Q: A Wave of Breath is so different from the books you usually write. How did that come about?
TC: Every writer needs to get out of their neighborhood now and then. It lets you grow as a writer and anchors your thinking-cap as a human being. While inspired by the myth of Isis and Osiris and set up as a romance and quest journey, this book dives into some deeply uncomfortable territory—corporate domination, AI merging with religion, the collapse of the systems we trust to hold civilization together, and what happens to love and identity when the world stops making sense. I sought answers as much for myself as for the characters.
Q: There’s something almost unsettling about how many things that happen in this novel seem to have come true in the world after you wrote it. Did that surprise you?
TC: Honestly? It scared me a little. I wrote about a nation fractured by a catastrophic event, a ruthless corporation willing to seize any technology that consolidates its power, and ordinary people left to navigate a landscape where institutions have simply stopped protecting them. Then I looked up from my manuscript and the headlines were doing their best to catch up. Corporate consolidation of critical infrastructure, communities losing their ability to think to non-human AI philosophers, the sense that some shadowy interest is always three steps ahead of the public. I didn’t feel like a prophet. I felt like I’d been paying attention. I think that’s what fiction does at its best: it names what we’re already afraid of before we have the language to say it out loud.
Q: Here’s one that always gets asked, but readers always want to know: how did you get started writing?
TC: Around the age of 13, I wrote teenage angst poetry about escaping my life of pain and misery in deepest, darkest Appalachia. I also daydreamed about kissing cute football players who never looked my way. Playwright Paul Green sent me the most encouraging letter after I poured my heart out to him in a nine-page handwritten diatribe about my ho-hum life, and I thought, damn, I should be a writer.
Q: Was college any better?
TC: My years at the University of Kentucky were filled with worry over landlords who ripped me off, and basketball players who never looked my way either, much less kissed me. I had the biggest crush on Kyle Macy, who always ate a few tables away from me and didn’t know I was even alive. I did have some terrific teachers: Gurney Norman, Ed McClanahan, James Baker Hall. Between the three of them, I got the romantic notion of running away to California. I was so eager I graduated in three years and took off.
Q: To California?
TC: In a cast-off ‘68 Buick Electra my father gave me for graduation. My best friend and I had a Kerouac-ian journey across the country—she as Gypsy Woman, me as Princess Knight—on our search for the Holy Grail. And if you ever ask which of us made the midnight phone call to a well-known writer in Butte, Montana, I’ll never tell.

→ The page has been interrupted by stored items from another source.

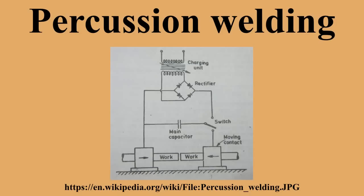Percussion welding is a type of resistance welding that blends dissimilar metals together. It creates a high-temperature arc formed from a short, quick electrical discharge. Immediately following the electrical discharge, pressure is applied which forges the materials together.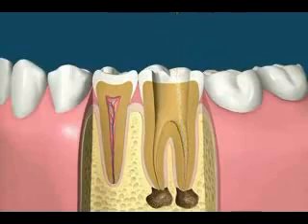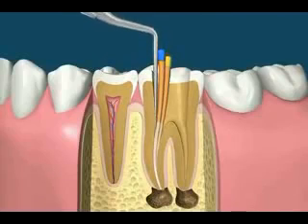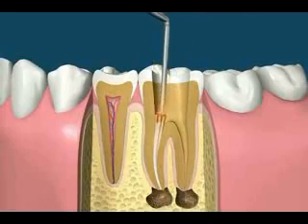Using the manual treatment method, filling the canals involves checking the cone size, then placing rubber cones covered with a liquid sealer into the canals. Once enough cones have been placed, spreading instruments can then be used to compact the cones even further. After the canal is tightly sealed, the excess rubber cones can be removed with a heated instrument, which can also be used to heat and compact the cones to better fill the canal space.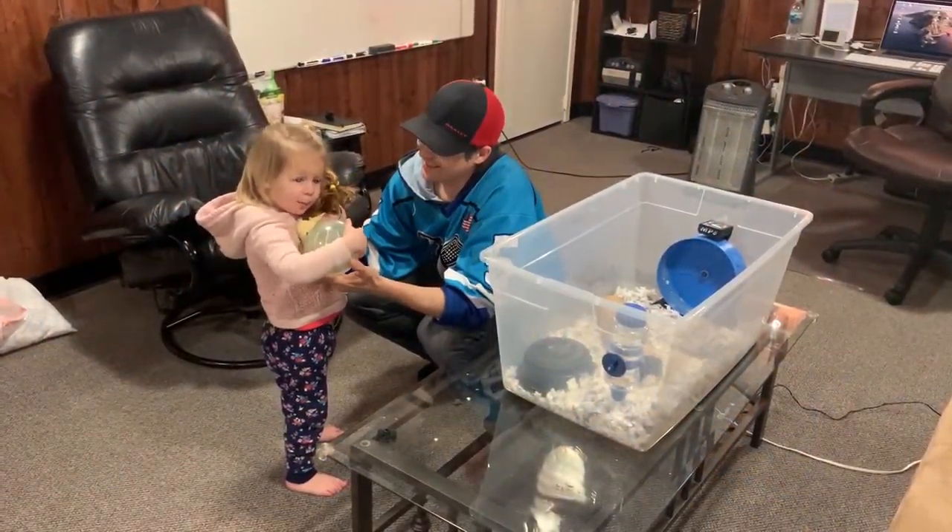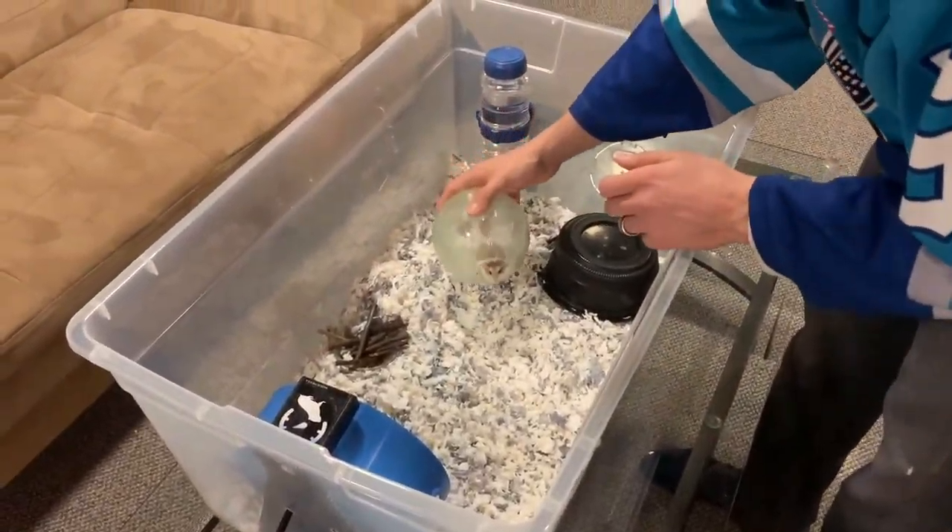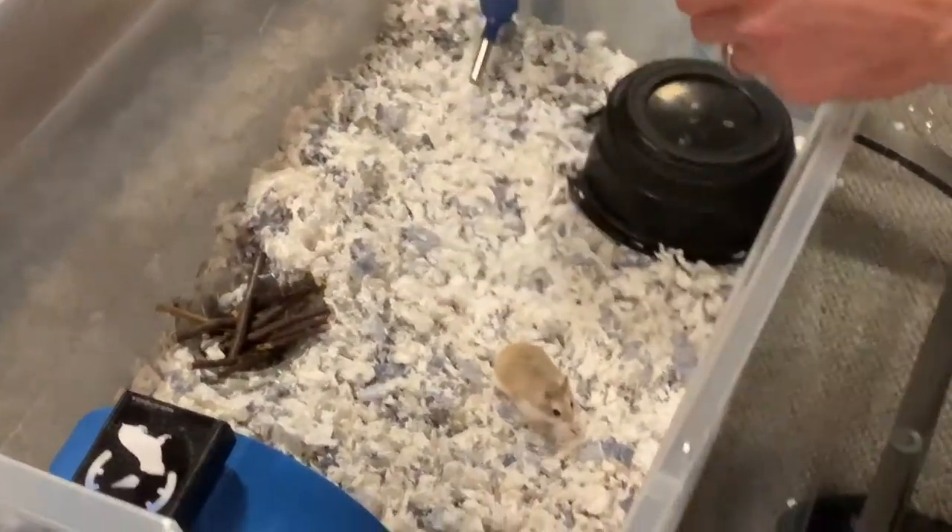Good night Kipper! Once we're all done saying good night to Kipper, we let him back into his cage to play.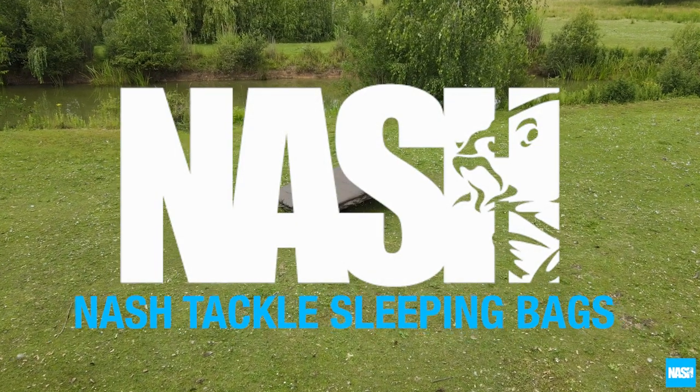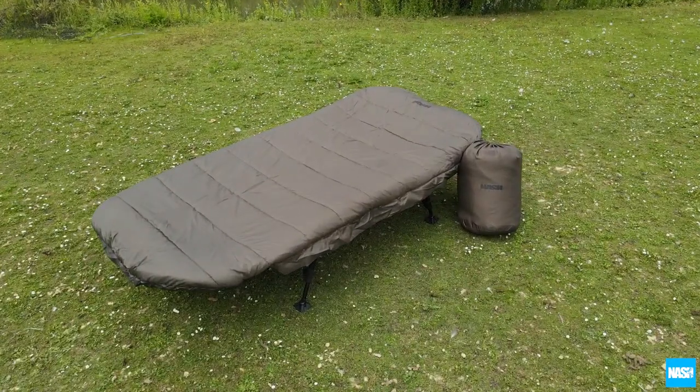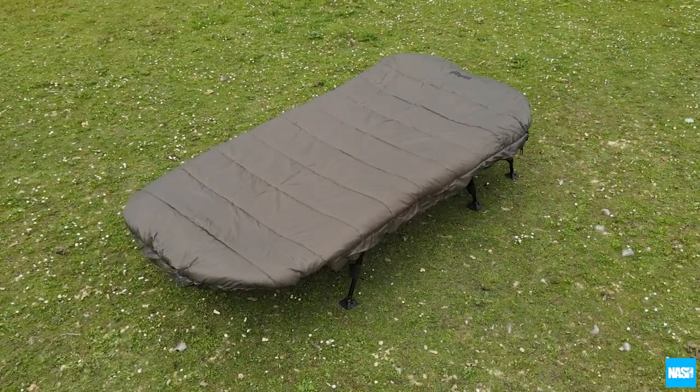Nash Tackle sleeping bags offer unbeatable comfort and warmth for all but the most extreme conditions and are the perfect partner for the Nash Tackle bed chairs.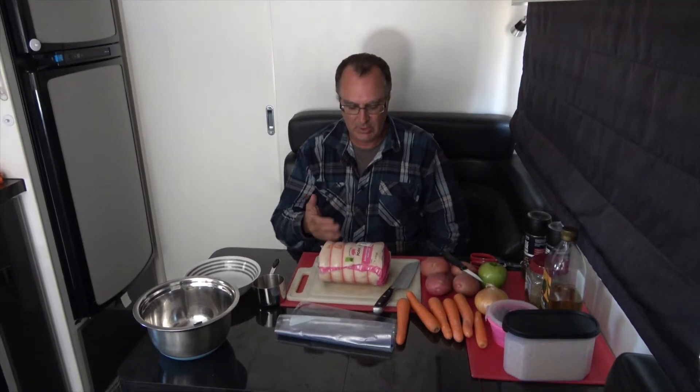Today we are going to do a camp oven pork roast with herb and apple stuffing and some vegetables of our choice — standard potatoes and carrots.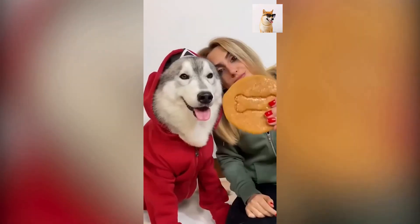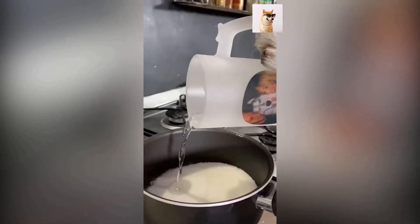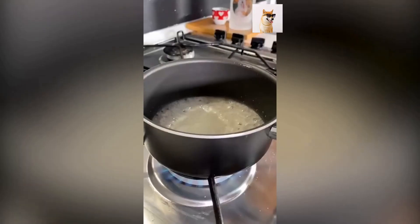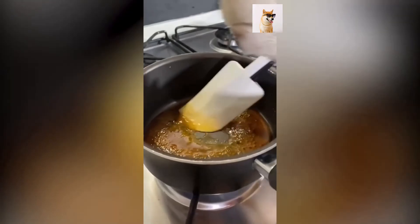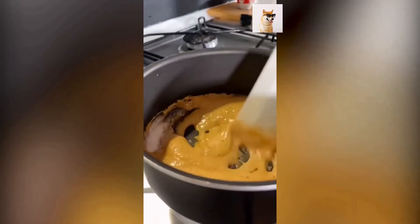Ecco come preparare i famosi biscotti al caramello di Squid Game. Merzate all'interno di un pentolino circa 80 grammi di zucchero. Sul fuoco spento, aggiungete un filo d'acqua. Dopodiché accendete il fuoco, portando il tutto ad ebollizione. Mescolate tanto in tanto e quando avrà questo aspetto marroncino, aggiungete un cucchiaio di bicarbonato.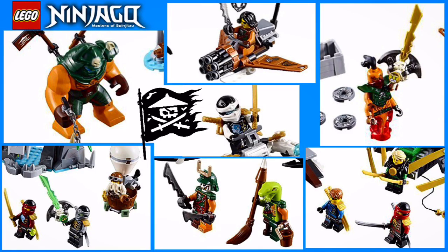Hey everyone. Usually people, some accounts, some YouTube channels, go over their thoughts and feelings about new sets that have come out for themes. I'm going to do more of a video on some of the minifigures that are actually coming for the new sets and the new wave of Ninjago next year.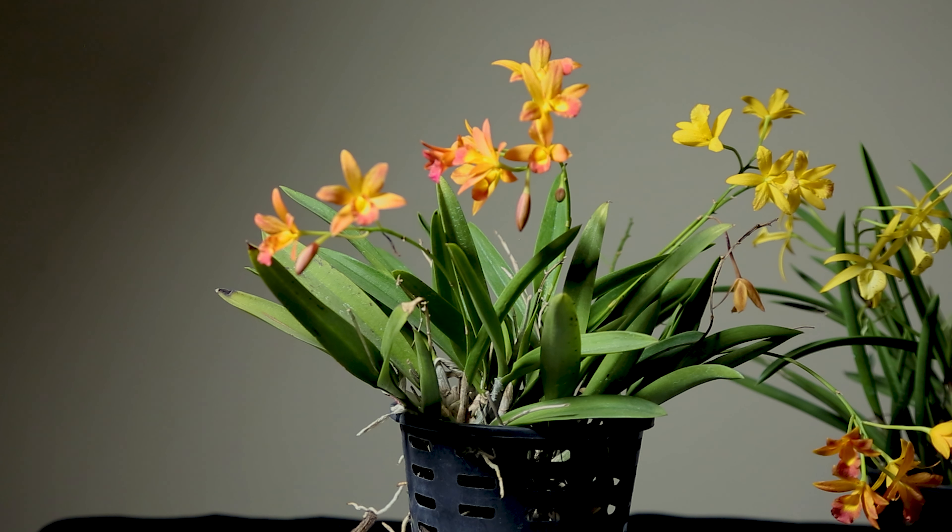Welcome to Orchid Bangladesh. Today we will see how the orchid tropical rainy weather is. We are looking at the forest season.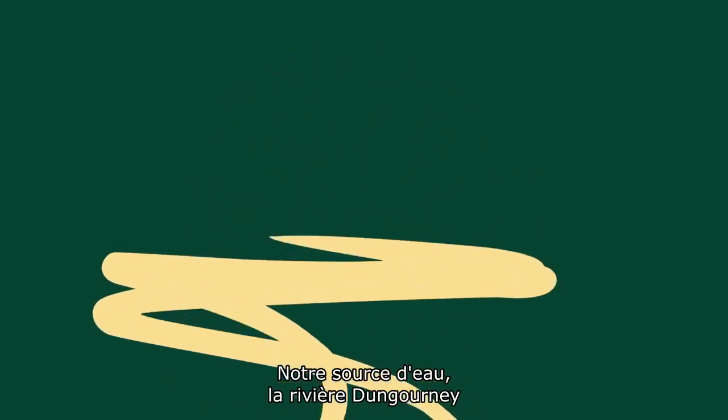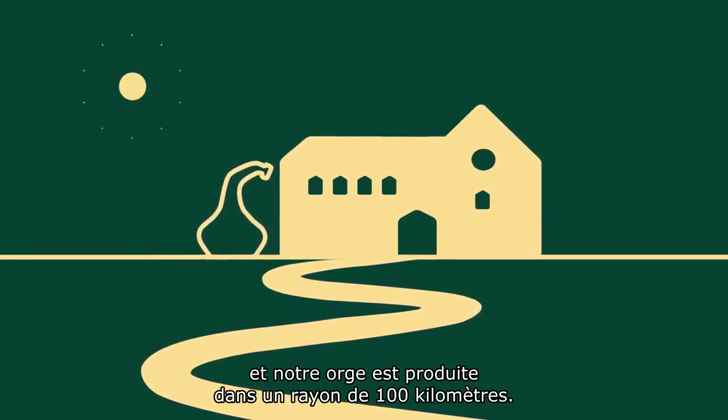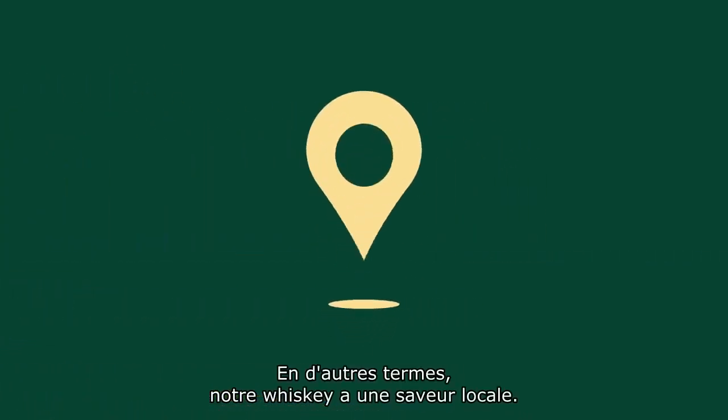It all starts with the best ingredients. Our water source, the Dungorne River, flows right through our Middleton distillery, and our barley is grown within 100 miles. In other words, our whisky follows a local diet.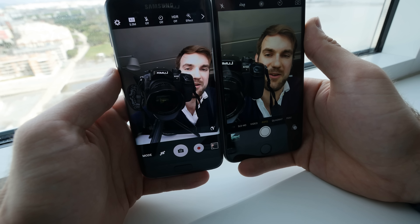Thank you for tuning in — this was a short comparison video about the Samsung Galaxy S7 Edge and the Apple iPhone 6S Plus. Don't forget to subscribe. My name is Paulage and thank you for watching.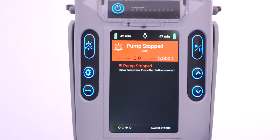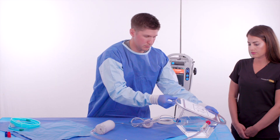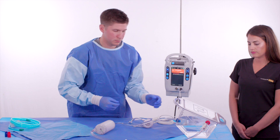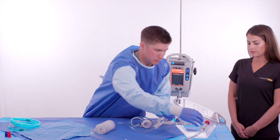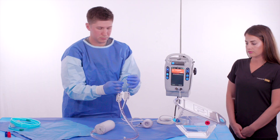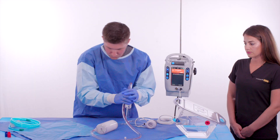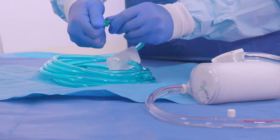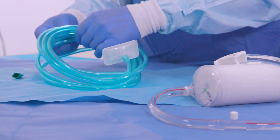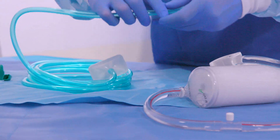Finally, the sterile operator tilts the priming tray back to the fill-ready position and removes the tubing from the basin. A final inspection is performed to ensure all air has been removed from the circuit. Once confirmed, the sterile operator attaches the green oxygen supply line tubing to the gas-in port on the oxygenator.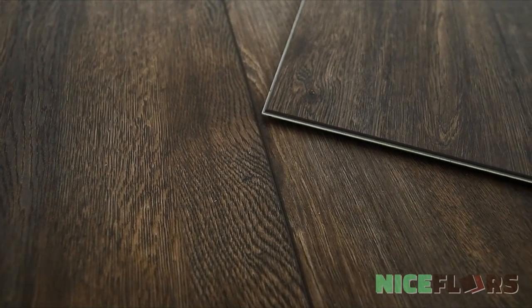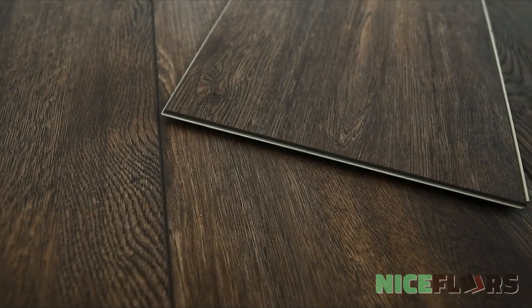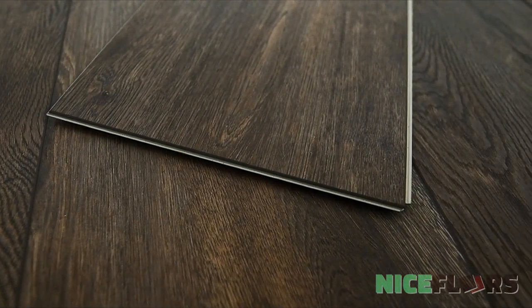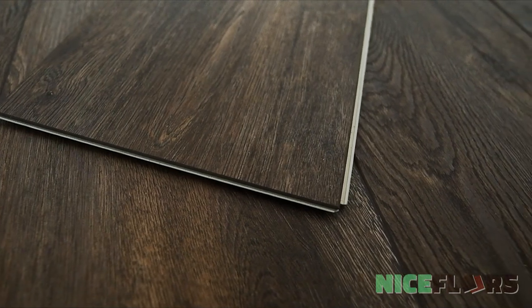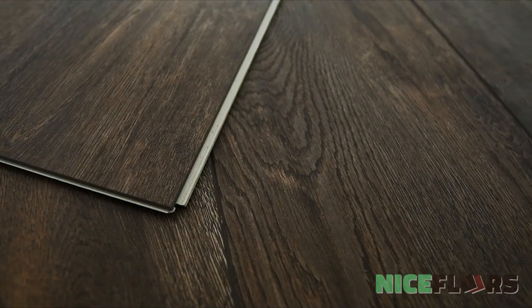Authentic Plank by Southwind Floors has boards that are 9 inches wide by 60 inches long, with a sound deadening closed cell IXPE pad attached. It's embossed and registered with an enhanced V bevel, and comes with a lifetime residential warranty and a 10 year commercial wear warranty, strengthened by its 20mm urethane wear layer.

Q: What has been the most important influence on your writing?
TC: It’s a who: James N. Frey, author of HOW TO WRITE A DAMN GOOD NOVEL. He’s part evil Santa Claus and part fascist taskmaster, with a glint of satanic elf about the eyes. If you don’t have conflict in every scene and drama in every line, you get “Freyed”—as his students say behind his back. Write a static scene and he’s apt to vomit in your lap. Jim’s influence helped me develop into a professional.
Q: You’re a small-town girl living in a big city. Differences much?
TC: I grew up in eastern Kentucky where you learn to duck bullets before you’re out of diapers, where only a few years back the Hatfields and the McCoys signed a peace treaty. The only time I ever got shot at was in my hometown of Middlesboro. You come to realize that the fight over who kicked my dog is really about how you’re going to live your life. In San Francisco, I’ve woken up to a dead body under my window and walked upon shootings in the Tenderloin where I worked—and oddly, even in the city, the fight over who kicked my dog is still really about how you’re going to live your life.
Q: Do you have a favorite author?
TC: I lean toward writers who tell stories and invent characters that stay with you for a lifetime—Thomas Hardy, Lawrence Durrell, and Tennessee Williams come to mind. But there’s a lot of great writers out there.
Q: Maybe this is an obvious question, but did growing up in Appalachia influence your writing?
TC: How could it not? It’s a place of contrasts that lives in your blood. There are many successful people from there and living there, though the poverty-ridden drug culture gets most of the attention. In everyday life, people battle for justice as they see it, and if that means a knock-down fistfight breaks out on election day, then there’s gonna be a fight. One of my favorite stories is the beauty contestant who got in a fight in the afternoon and still placed in the pageant that night with a black eye. It takes me hours to make up a story with that much energy, passion, and a touch of pathos. (And yes, I’m going to use it.) Many of us who leave the area struggle with who we are in that page of history. It is as bloody and infuriating as it is nostalgic. But don’t bad-mouth our hometowns to us. We’ll come out most aggressively defending our heritage.
Q: You’ve worked in theater for many years. Any plans to set a novel in a theater?
TC: I worked day and night in that career—and what an excellent idea. I may have to consider a story that takes place on or off stage. I’ve experienced a great deal of drama in public and in private during those years. I know where the bodies are buried and who has slept with whom.
Q: One last question. Is it true you were born in a crater?
TC: Born and raised. Google it. Middlesboro, KY is one of the few cities built in a meteorite crater. Maybe that explains some things. I’m just not sure what things.